Exercise
Give back exactly the lines of the material below that start at the line containing "Utility Crossbody Bag" and end at the line containing "A majestic half-orc", and no others.

Supplied material

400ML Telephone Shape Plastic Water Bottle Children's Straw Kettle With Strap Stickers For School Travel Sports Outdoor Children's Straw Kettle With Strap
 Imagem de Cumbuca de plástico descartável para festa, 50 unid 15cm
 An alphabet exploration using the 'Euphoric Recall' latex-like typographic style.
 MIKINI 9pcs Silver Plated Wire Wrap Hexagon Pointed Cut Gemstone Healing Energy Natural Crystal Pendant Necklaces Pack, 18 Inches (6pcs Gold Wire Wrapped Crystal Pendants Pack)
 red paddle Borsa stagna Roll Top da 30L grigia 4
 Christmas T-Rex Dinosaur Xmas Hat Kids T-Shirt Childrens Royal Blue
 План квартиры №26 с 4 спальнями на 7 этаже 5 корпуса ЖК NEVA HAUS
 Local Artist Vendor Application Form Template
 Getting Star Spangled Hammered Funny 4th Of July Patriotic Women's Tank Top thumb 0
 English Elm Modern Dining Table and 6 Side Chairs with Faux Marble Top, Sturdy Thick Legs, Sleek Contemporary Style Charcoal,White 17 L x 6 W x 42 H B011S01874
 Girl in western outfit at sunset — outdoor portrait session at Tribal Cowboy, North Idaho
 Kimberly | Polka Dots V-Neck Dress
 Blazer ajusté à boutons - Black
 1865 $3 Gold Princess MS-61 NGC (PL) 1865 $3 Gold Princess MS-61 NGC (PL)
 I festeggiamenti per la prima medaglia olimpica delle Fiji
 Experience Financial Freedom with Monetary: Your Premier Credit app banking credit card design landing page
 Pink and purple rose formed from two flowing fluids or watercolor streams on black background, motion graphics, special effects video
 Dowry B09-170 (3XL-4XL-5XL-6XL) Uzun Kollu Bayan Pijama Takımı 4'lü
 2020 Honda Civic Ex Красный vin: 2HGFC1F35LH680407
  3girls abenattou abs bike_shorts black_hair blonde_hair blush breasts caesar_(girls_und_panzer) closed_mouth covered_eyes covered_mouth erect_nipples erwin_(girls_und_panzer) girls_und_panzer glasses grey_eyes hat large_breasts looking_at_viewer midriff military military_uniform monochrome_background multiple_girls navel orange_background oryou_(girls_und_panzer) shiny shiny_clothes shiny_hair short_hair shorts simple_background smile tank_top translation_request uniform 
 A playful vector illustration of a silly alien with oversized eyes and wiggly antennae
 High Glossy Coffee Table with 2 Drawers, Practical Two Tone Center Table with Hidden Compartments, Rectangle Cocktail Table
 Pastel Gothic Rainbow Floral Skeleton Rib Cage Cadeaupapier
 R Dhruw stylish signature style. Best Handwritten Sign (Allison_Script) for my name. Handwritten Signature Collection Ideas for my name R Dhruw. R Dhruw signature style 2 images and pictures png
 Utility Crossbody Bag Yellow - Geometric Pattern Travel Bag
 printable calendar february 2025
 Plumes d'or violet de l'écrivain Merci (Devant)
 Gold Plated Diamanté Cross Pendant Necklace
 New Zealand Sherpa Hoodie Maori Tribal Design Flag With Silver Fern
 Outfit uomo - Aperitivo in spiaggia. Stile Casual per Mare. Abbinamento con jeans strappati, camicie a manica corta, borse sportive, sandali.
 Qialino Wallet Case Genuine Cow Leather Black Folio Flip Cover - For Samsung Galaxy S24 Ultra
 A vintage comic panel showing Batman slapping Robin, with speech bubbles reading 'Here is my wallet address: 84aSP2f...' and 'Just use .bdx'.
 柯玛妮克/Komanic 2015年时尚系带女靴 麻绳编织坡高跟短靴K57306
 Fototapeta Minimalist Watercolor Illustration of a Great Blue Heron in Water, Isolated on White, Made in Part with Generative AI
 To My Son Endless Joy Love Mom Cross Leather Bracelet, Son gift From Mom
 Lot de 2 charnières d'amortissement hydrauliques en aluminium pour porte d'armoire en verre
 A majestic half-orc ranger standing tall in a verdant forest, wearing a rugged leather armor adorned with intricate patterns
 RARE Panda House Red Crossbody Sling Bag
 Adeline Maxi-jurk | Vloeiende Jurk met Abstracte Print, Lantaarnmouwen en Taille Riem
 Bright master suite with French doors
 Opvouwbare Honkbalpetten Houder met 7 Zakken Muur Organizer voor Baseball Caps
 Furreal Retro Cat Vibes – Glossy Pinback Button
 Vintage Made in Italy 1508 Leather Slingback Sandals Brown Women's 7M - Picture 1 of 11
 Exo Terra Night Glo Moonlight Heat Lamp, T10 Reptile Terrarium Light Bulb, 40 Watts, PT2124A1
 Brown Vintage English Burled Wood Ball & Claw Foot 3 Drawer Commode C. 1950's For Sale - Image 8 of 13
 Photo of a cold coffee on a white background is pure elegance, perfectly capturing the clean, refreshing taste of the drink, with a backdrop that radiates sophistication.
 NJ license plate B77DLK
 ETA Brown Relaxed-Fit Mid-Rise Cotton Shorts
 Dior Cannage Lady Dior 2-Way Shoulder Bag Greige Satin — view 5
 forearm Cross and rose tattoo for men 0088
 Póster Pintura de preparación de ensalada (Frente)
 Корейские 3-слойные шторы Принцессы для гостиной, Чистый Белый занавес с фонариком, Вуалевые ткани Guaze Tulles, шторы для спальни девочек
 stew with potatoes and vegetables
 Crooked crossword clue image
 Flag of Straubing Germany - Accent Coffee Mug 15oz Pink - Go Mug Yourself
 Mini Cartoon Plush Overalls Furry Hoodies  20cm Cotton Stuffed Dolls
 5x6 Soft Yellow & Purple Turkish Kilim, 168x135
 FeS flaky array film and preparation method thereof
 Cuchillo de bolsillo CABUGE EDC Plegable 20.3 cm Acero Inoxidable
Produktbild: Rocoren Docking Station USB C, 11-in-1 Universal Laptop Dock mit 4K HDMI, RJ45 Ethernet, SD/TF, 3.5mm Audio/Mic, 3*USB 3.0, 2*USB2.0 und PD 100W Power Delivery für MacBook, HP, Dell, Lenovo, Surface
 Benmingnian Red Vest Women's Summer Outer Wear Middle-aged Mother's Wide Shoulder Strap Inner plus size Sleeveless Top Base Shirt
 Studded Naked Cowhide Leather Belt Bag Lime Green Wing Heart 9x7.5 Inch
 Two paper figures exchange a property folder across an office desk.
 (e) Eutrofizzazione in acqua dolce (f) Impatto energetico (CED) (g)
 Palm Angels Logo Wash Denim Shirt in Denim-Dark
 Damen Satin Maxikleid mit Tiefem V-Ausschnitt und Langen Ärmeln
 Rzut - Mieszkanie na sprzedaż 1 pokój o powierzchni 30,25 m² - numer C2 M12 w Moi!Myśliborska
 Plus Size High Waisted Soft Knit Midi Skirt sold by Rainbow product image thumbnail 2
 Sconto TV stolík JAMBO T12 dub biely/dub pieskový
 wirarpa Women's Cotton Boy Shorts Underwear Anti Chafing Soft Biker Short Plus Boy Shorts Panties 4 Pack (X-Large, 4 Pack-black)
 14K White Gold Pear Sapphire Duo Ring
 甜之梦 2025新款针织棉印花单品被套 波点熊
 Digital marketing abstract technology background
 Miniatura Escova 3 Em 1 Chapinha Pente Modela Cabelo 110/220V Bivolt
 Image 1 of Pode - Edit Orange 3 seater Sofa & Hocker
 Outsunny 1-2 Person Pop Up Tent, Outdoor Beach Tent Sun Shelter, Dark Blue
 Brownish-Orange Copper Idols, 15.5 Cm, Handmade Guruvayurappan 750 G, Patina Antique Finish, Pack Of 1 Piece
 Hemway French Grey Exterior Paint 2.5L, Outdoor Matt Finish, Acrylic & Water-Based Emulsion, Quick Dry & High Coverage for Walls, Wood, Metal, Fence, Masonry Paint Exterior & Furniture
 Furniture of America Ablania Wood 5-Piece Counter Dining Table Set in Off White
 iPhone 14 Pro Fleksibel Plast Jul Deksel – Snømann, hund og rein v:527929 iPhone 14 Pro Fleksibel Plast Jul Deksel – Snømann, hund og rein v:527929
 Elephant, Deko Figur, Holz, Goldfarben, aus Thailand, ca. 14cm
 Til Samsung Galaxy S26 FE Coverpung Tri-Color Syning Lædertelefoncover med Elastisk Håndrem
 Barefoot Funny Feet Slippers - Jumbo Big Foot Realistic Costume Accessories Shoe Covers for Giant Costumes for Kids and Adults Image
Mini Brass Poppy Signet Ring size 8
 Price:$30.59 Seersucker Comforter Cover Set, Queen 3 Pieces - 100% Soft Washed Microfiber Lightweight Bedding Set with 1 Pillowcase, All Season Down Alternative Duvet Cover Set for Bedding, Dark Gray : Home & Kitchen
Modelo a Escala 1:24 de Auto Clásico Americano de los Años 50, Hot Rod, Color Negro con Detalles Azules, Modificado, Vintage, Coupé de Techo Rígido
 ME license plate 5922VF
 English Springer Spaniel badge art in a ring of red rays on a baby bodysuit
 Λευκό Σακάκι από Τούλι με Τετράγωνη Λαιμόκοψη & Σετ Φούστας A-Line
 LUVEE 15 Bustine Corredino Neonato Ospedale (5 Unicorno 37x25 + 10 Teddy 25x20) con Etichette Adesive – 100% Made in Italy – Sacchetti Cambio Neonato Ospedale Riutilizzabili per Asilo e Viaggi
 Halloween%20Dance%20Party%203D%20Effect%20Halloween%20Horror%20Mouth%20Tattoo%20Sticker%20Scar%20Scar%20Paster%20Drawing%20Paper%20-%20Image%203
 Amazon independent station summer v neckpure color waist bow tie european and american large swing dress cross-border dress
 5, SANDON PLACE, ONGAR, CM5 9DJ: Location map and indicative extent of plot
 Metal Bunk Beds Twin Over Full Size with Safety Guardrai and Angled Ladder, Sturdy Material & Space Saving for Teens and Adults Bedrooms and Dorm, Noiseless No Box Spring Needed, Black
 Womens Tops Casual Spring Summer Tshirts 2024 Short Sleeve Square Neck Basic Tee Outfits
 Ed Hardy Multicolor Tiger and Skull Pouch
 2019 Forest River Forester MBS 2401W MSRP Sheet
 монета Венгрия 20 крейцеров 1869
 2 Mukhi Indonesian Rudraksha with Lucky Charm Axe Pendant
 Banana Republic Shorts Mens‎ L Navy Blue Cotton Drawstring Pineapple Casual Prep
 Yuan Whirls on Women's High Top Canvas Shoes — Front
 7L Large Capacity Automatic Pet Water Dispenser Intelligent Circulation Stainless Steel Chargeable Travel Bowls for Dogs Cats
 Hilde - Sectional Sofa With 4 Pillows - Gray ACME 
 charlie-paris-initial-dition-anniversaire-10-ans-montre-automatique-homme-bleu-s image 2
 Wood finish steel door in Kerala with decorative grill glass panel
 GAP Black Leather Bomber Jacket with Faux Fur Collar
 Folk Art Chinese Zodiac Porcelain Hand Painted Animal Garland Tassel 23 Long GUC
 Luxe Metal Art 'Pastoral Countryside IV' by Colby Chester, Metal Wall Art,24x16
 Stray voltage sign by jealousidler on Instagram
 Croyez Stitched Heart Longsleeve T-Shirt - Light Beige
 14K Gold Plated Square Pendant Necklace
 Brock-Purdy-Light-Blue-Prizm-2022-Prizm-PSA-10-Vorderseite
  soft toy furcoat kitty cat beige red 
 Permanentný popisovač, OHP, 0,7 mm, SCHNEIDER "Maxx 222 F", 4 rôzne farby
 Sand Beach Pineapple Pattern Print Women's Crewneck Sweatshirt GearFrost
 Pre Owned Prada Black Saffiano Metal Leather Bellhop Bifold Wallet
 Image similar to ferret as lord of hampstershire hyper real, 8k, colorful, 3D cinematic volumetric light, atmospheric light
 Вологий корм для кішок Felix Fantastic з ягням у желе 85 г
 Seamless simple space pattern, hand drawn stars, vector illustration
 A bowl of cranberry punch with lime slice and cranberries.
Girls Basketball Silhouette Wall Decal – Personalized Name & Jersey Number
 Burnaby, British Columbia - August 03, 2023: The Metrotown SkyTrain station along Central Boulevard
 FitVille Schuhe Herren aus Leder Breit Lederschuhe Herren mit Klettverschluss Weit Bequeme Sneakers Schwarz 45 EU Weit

Output of the exercise
 Utility Crossbody Bag Yellow - Geometric Pattern Travel Bag
 printable calendar february 2025
 Plumes d'or violet de l'écrivain Merci (Devant)
 Gold Plated Diamanté Cross Pendant Necklace
 New Zealand Sherpa Hoodie Maori Tribal Design Flag With Silver Fern
 Outfit uomo - Aperitivo in spiaggia. Stile Casual per Mare. Abbinamento con jeans strappati, camicie a manica corta, borse sportive, sandali.
 Qialino Wallet Case Genuine Cow Leather Black Folio Flip Cover - For Samsung Galaxy S24 Ultra
 A vintage comic panel showing Batman slapping Robin, with speech bubbles reading 'Here is my wallet address: 84aSP2f...' and 'Just use .bdx'.
 柯玛妮克/Komanic 2015年时尚系带女靴 麻绳编织坡高跟短靴K57306
 Fototapeta Minimalist Watercolor Illustration of a Great Blue Heron in Water, Isolated on White, Made in Part with Generative AI
 To My Son Endless Joy Love Mom Cross Leather Bracelet, Son gift From Mom
 Lot de 2 charnières d'amortissement hydrauliques en aluminium pour porte d'armoire en verre
 A majestic half-orc ranger standing tall in a verdant forest, wearing a rugged leather armor adorned with intricate patterns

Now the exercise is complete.